Bill Miramontes: My father–being that he worked on the highway–used to commute from Half Moon Bay to Pedro Valley on the Ocean Shore. On holidays, or Sundays, he didn’t work so he’d take me with him to San Francisco.
Bill: My father was a huge man. He’d take me to San Francisco to see the town. I used to get a big kick out of going down to see the waterfront. Around noon you’d see all those beautiful teams come in. They’d put the feedbags on ’em…All these beer companies that have matched horses, matched teams of fours…beautiful. Their harnesses, all glistened, polished.
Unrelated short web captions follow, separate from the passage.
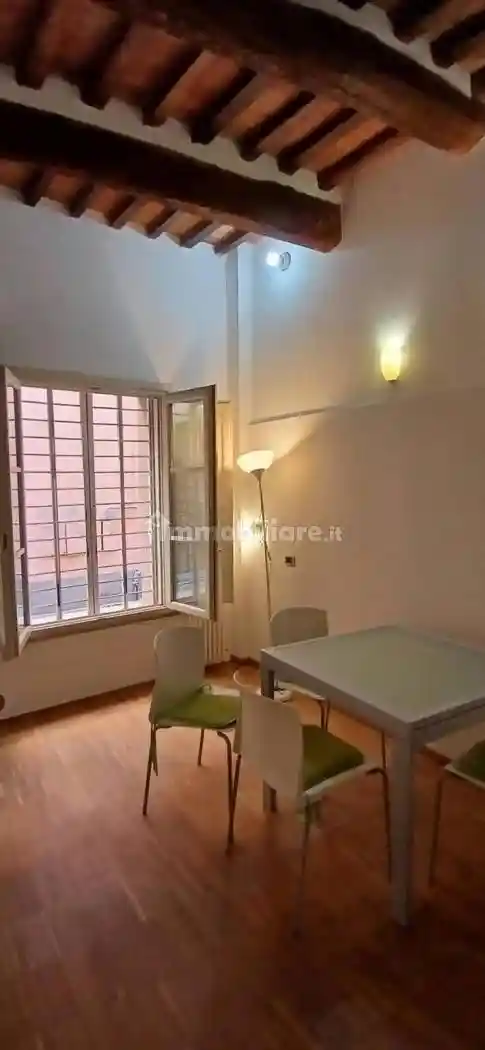 Monolocale via Garofani, 10, Sant'Antonio, Pisa - foto 5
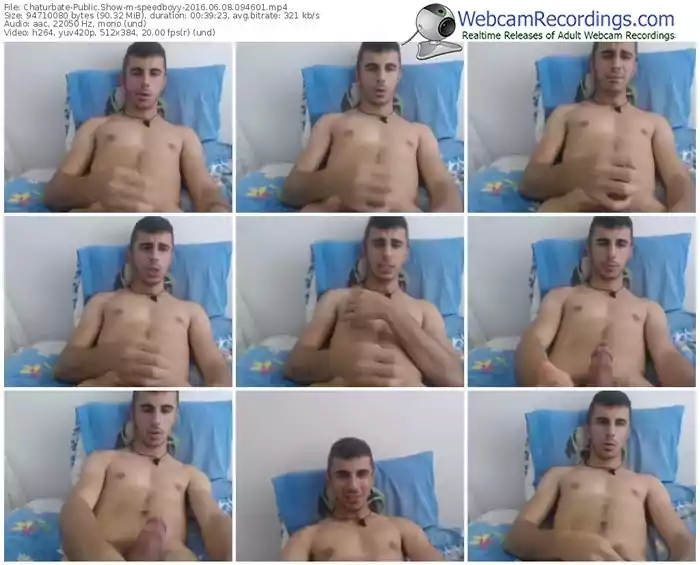 chaturbate-speedboyy-webcam-show-06_08_2016-09_46_01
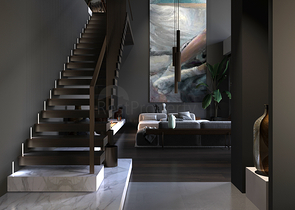 Проект который воплотит ваши мечты в реальность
Bill: When we’d go to San Francisco, I couldn’t stand looking in the ocean over Devil’s Slide. I used to jump across the train and look out against the hill….You’d look right over the water, oh brother….I couldn’t bear that…we’d go round, in through the tunnel and around….
June: How long did it take?
Bill: About an hour.
Marion Miramontes: Oh, longer than that, honey. They used to make all those stops every mile or two.
Bill: About two hours. Every time we had a little rain we had a landslide…rocks on the track around Devil’s Slide. During the latter part of the life of the Ocean Shore they used a gas train… it didn’t pay them to run a big steam engine down here. They’d bring down 30-40 people…had this gasoline bus…it was really a bus….on the tracks and could hold 40-50 people.
Photo: Gas train at Moss Beach
Bill: [The Ocean Shore Railroad] failed because these farmers who were so close to San Francisco started using trucks–people from Half Moon Bay started buying trucks and cars and doing their own hauling and riding into San Francisco in their own cars.